Would you retype exactly the lines from the one holding "DWCN Ombre Blackout Curtains by DWCN" through the last line of the listing, and only those, without pictures?

- **DATA PROVIDED**:
*** Begin section ***

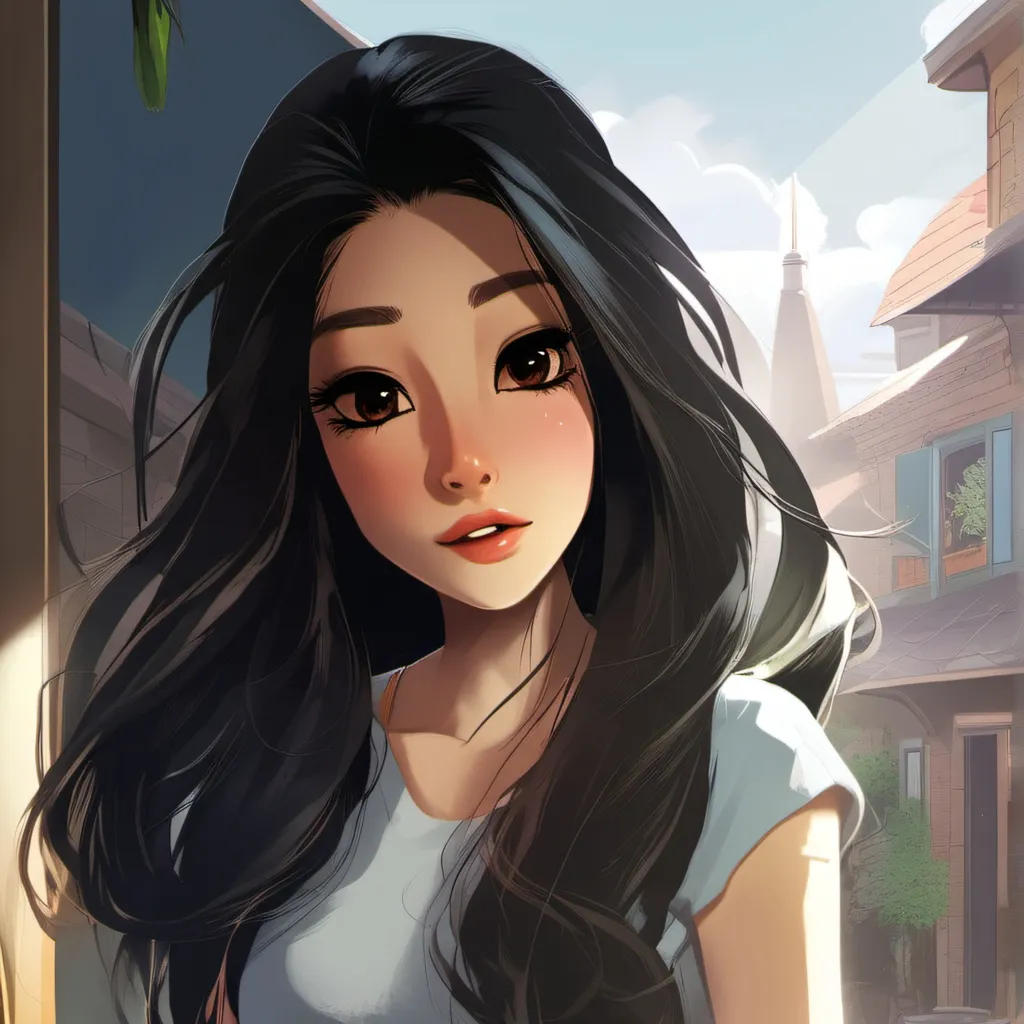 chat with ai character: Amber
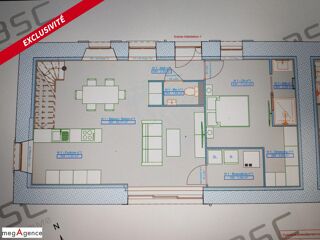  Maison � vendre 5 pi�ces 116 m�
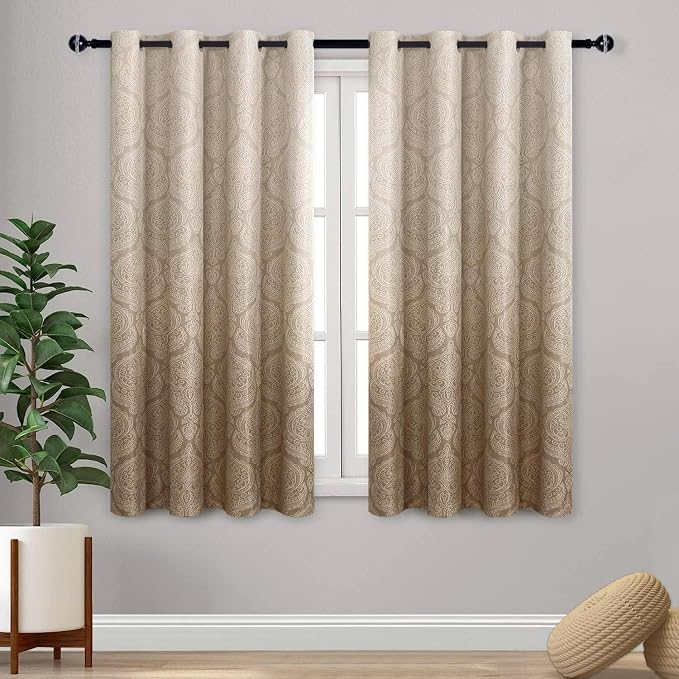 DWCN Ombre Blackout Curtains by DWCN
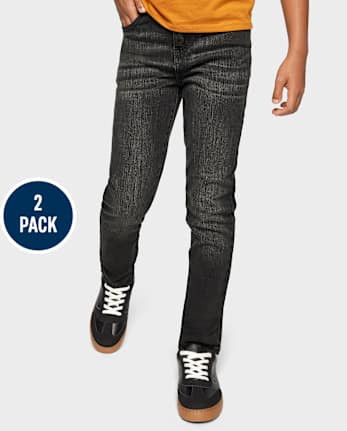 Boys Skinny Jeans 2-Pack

*** End section ***

- **ANSWER BOX**:
 DWCN Ombre Blackout Curtains by DWCN
 Boys Skinny Jeans 2-Pack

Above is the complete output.